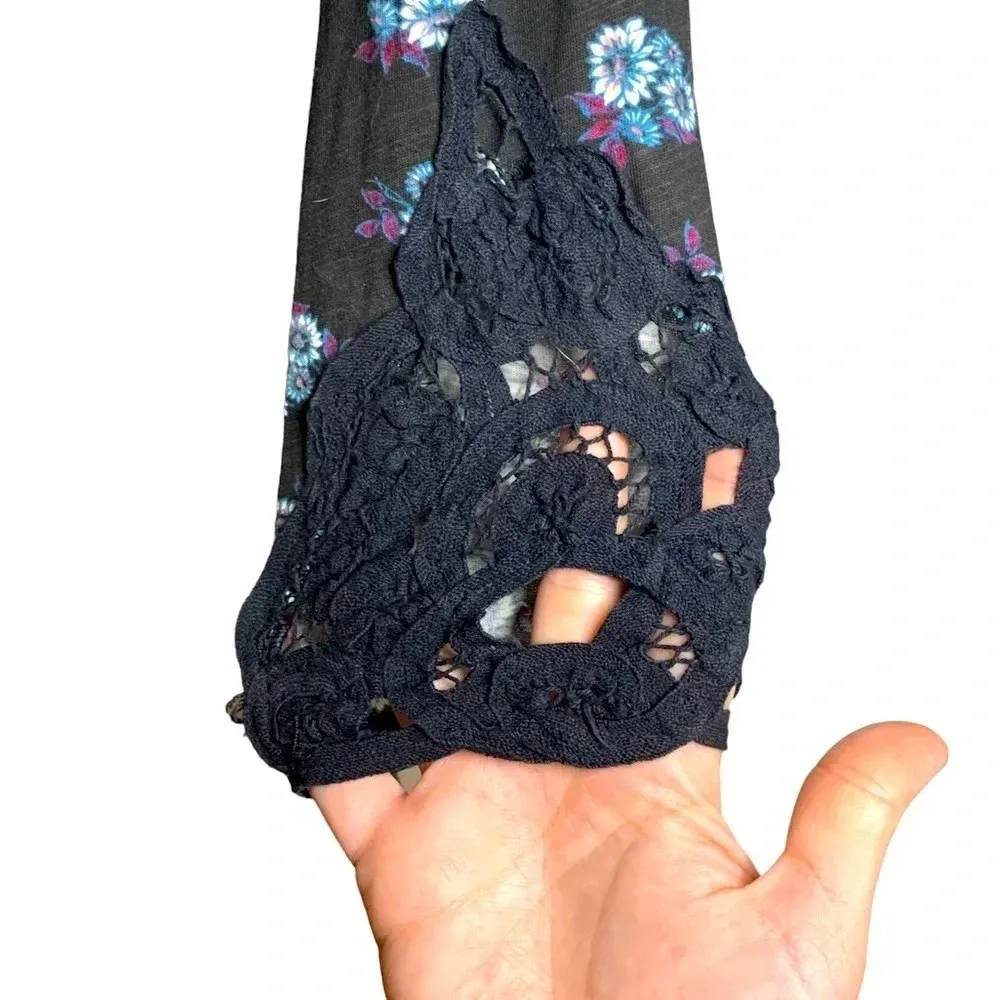 Nollie Long Sleeve Floral Top Black Size L - Image 5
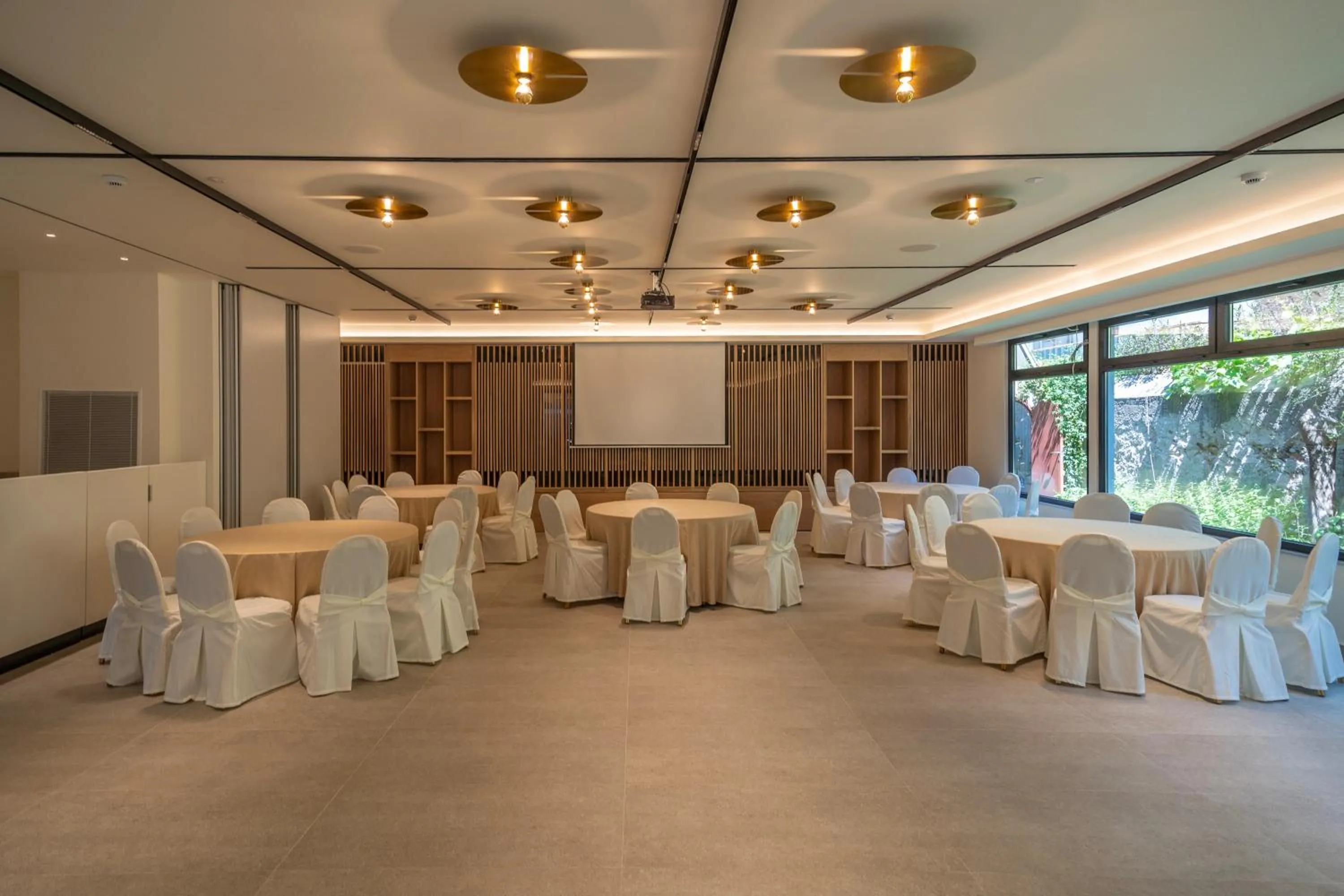 Banquet/Function facilities in Emmantina Hotel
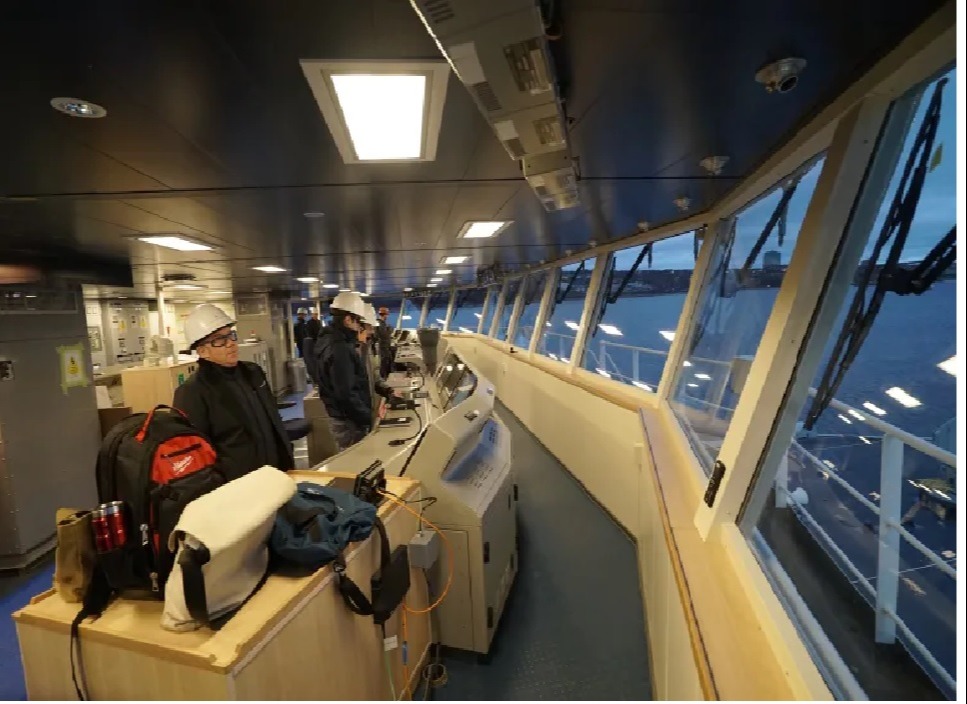CC Jensen Marine Windows 300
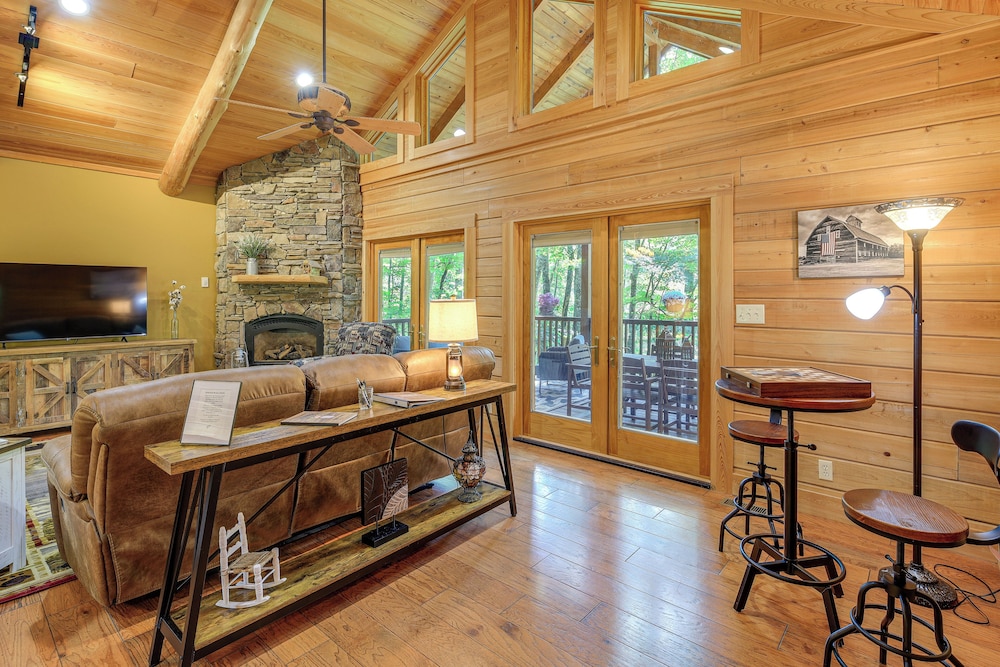 Near Boone-custom Built Cabin: 3 BR 3 BA W/hot Tub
____
■ THE PROBLEM: Reproduce the data above line for line, excluding every picture.

■ ANSWER TO THIS PROBLEM:
 Nollie Long Sleeve Floral Top Black Size L - Image 5
 Banquet/Function facilities in Emmantina Hotel
CC Jensen Marine Windows 300
 Near Boone-custom Built Cabin: 3 BR 3 BA W/hot Tub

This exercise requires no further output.